Der Ritterstand war im Vergleich zum ordo senatorius weitaus inhomogener. So standen Rittern, die bedeutende Führungspositionen in Rom und im Reich innehatten, anderen Personen gegenüber, für die nur die Mitgliedschaft im ordo equester nachgewiesen ist (89-104). Angesichts des Untersuchungsgegenstands interessiert Duncan-Jones vor allem die equites der ersten Gruppe. Insbesondere untersucht er die Laufbahnaussichten in Abhängigkeit der (zuvor) bekleideten militiae. Der überwiegende Teil der Ritter ist nur in einer solchen militärischen Funktion nachzuweisen. Wer jedoch vier dieser Posten innegehabt hatte, konnte sich die größten Chancen auf hohe zivile Funktionen und möglicherweise sogar die anschließende Aufnahme in den Senat ausrechnen (112f.). Daneben gab es auch Procuratoren, die offenbar keine militärische Funktion bekleidet hatten. Sie verdienten ihre Beförderung vermutlich sozialen Vorteilen, also die Abkunft aus einer vornehmen Familie und gute Beziehungen. Im Schnitt erreichten sie höhere Posten als ihre langgedienten Standesgenossen (113). Nur kurz streift Duncan-Jones die ökomischen Unternehmungen der Ritter (118-122), um sich schließlich der Frage zuzuwenden, inwiefern eine Abwertung des Ritterranges zu verzeichnen war (123-128). Die Aufnahme von Freigelassenen in den Stand ließe sich ohne Frage in dieser Richtung interpretieren; es wäre aber zu diskutieren, ob die bekannten Fälle nicht eher als Ausnahmen zu verstehen sind. Ähnlich verhält es sich mit standeswidrigen Auftritten von Rittern und ihren Nachkommen in der Arena, auch wenn wir an einigen Stellen davon hören.

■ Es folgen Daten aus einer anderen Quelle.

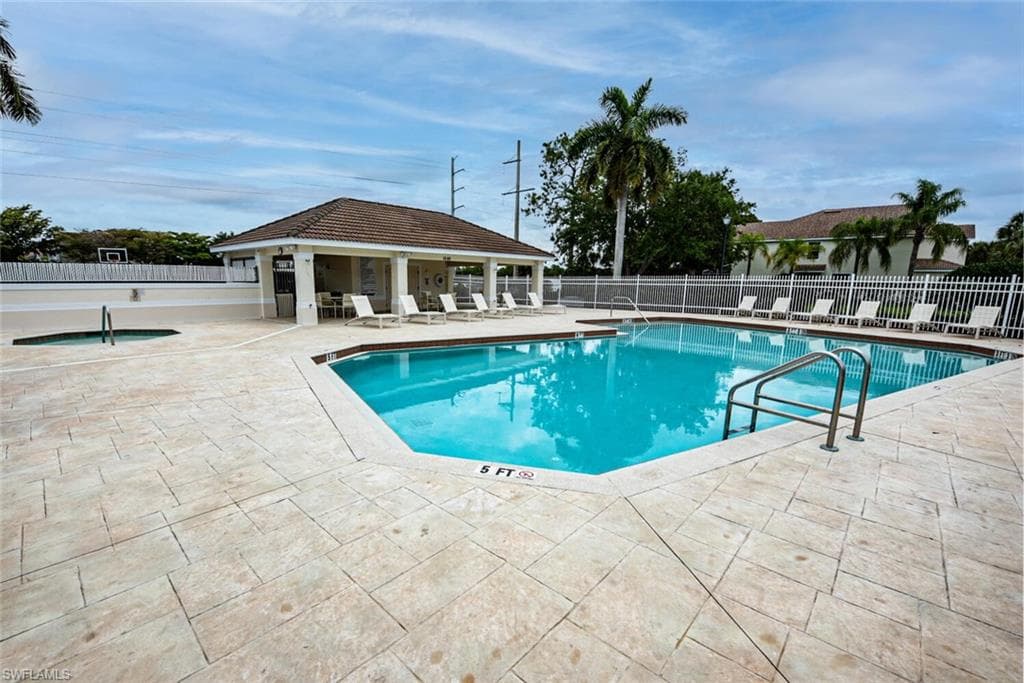 1080 Hampton CIR-21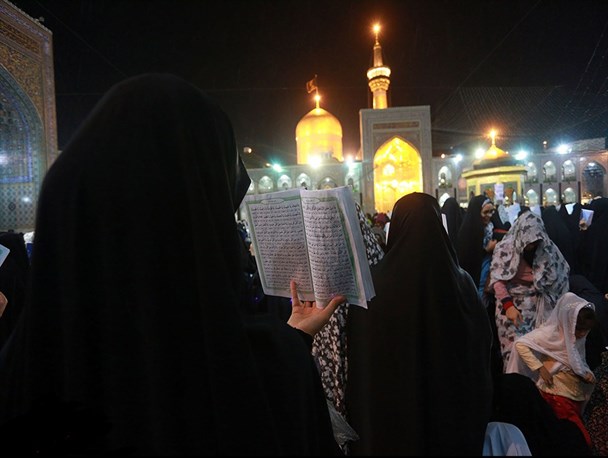 مراسم احیای شب 19 ماه مبارک رمضان در حرم مطهر رضوی+تصاویر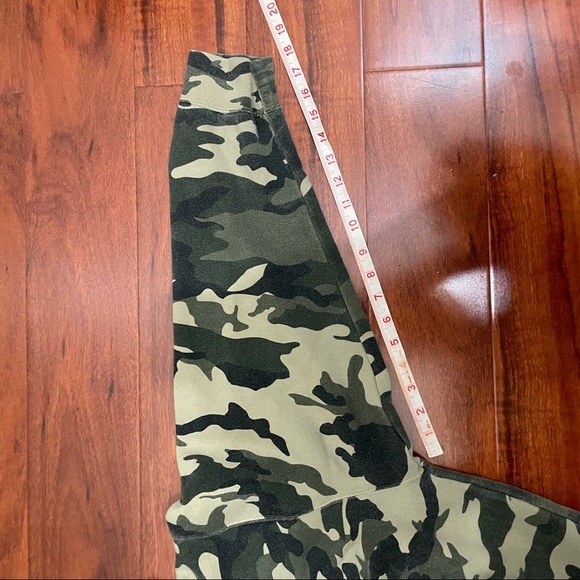 Active Ride Shop Camo Hoodie Jacket Size XL - Picture 4 of 8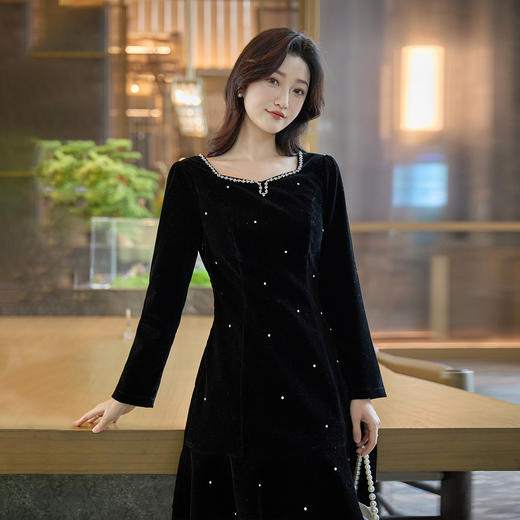 奢姿大码女装2025冬季胖妹妹镶钻丝绒长袖连衣裙气质优雅小黑裙9953870566 商品图2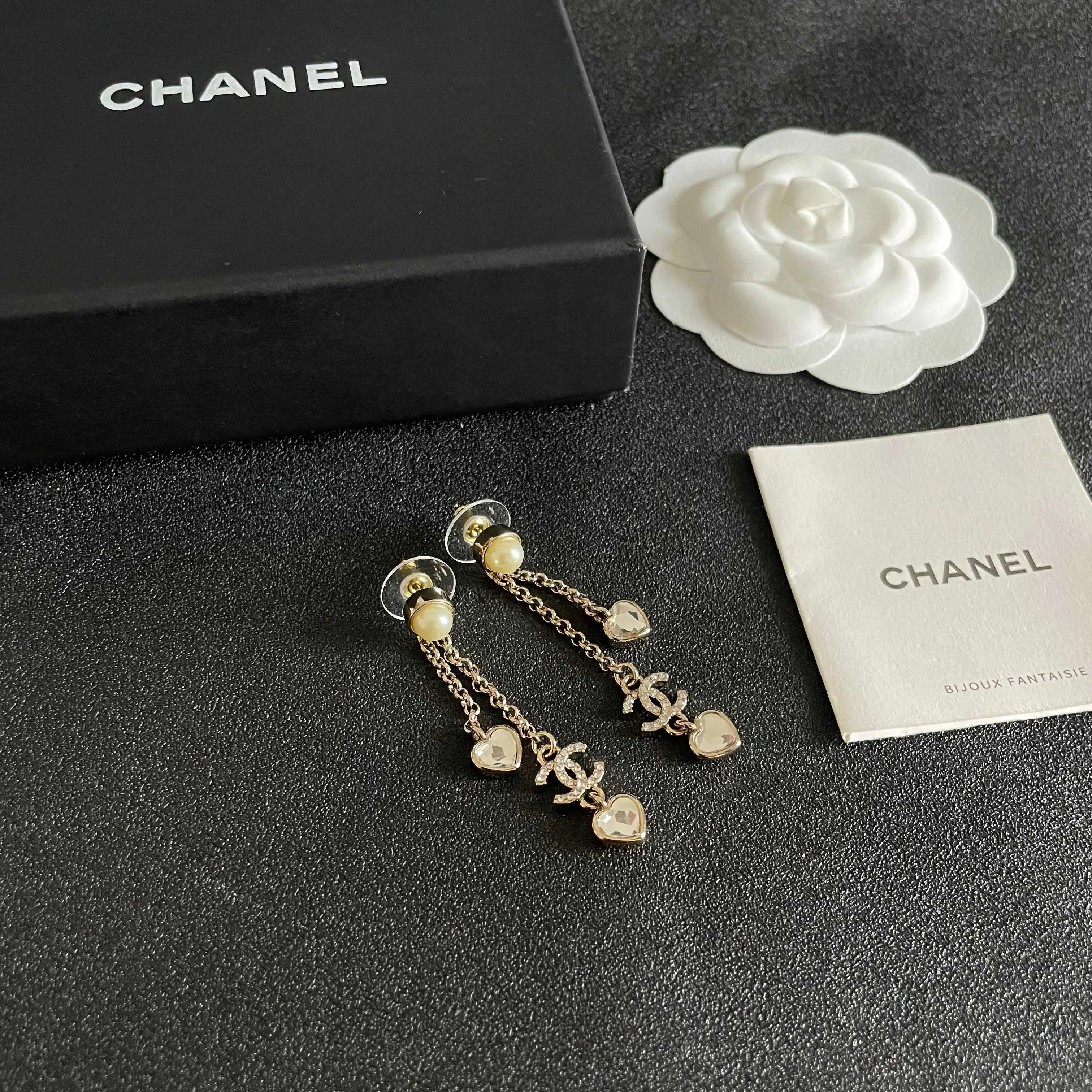Chanel 双C 爱心 耳环 优雅耳饰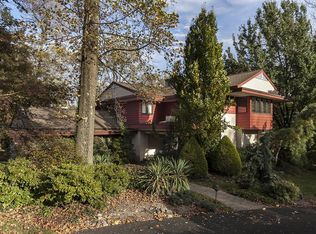 1655 Stocton Rd, Meadowbrook, PA 19046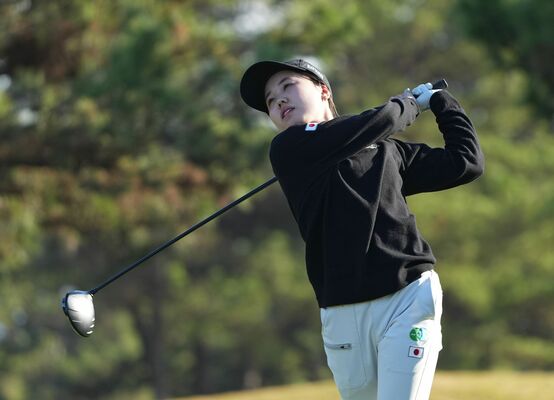 18番でティーショットを放つ辻＝若洲ゴルフリンクス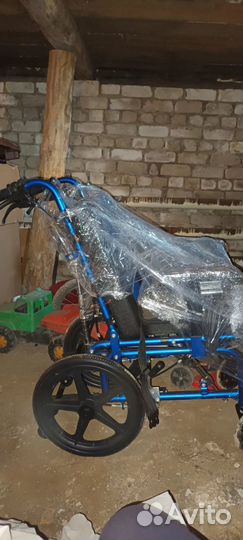 Инвалидная коляска с электроприводом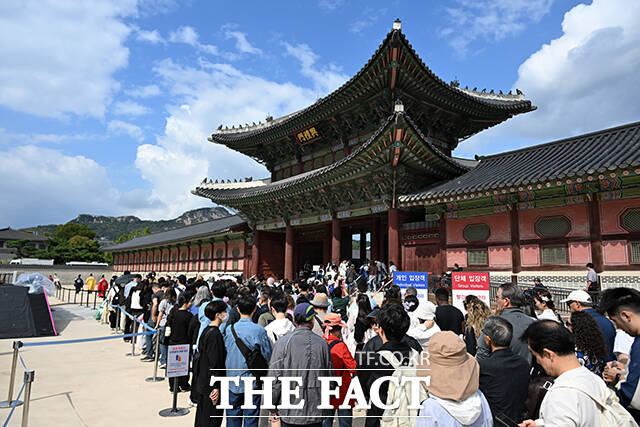 개천절 연휴 마지막 날인 5일 오전 서울 종로구 경복궁이 외국인 관광객들과 시민들로 북적이고 있다. /박헌우 기자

Sklaven waren in der römischen Welt kaum wegzudenken und in vielen Kontexten eingesetzt. Duncan-Jones wendet sich dieser Bevölkerungsgruppe in einer etwas befremdlichen Art und Weise zu, indem er die Sklaverei als 'Karriere' untersucht (142-153). Nach römischem Recht gab es die Möglichkeit des Selbstverkaufs in die Sklaverei. Zwar gab es neben Bergwerken und anderen entbehrungsreichen Arbeitsplätzen auch ganz andere Beschäftigungsmöglichkeiten von Sklaven, etwa als Sekretäre oder Vermögensverwalter, nicht zuletzt im kaiserlichen Haushalt. Entgegen den vielfach geäußerten Zweifeln an einer großen Bedeutung dieser Möglichkeit hält Duncan-Jones die freiwillige Sklaverei für einen nennenswerten Faktor. Die Annahme, die große Zahl an Sklaven und Freigelassenen in Rom sei anders nicht erklärbar, darf aber durchaus mit Skepsis betrachtet werden.

Leider fehlt ein Fazit, das die Einzelergebnisse miteinander in Beziehung setzt und zu einem Gesamtergebnis bündelt. Das betrifft sowohl die einzelnen Teile für sich als auch die Arbeit als Ganzes. Viele der erzielten Erkenntnisse sind zudem nicht neu, sondern wurden bereits früher in der Forschung, zumindest für einzelne Perioden, hervorgehoben. Duncan-Jones' Verdienst ist es jedoch, mit einer methodisch anregenden Vorgehensweise bisherige Urteile auf einen größeren Zeitraum zu erweitern, sie teils zu untermauern, teils aber auch abzuschwächen oder zu widerlegen. Zudem finden sich vielfach bemerkenswerte Schlussfolgerungen und anregende Gedanken wie beiläufig im Text, dessen aufmerksame Lektüre nicht nur aus diesem Grund wärmstens all denen empfohlen sei, die sich mit der entsprechenden Materie beschäftigen.


Anmerkung:

[1] Richard Duncan-Jones: Who were the equites?, in: Studies in Latin literature and Roman history XIII (= Collection Latomus; Bd. 301), ed. by Carl Deroux, Brüssel 2006, 183-223.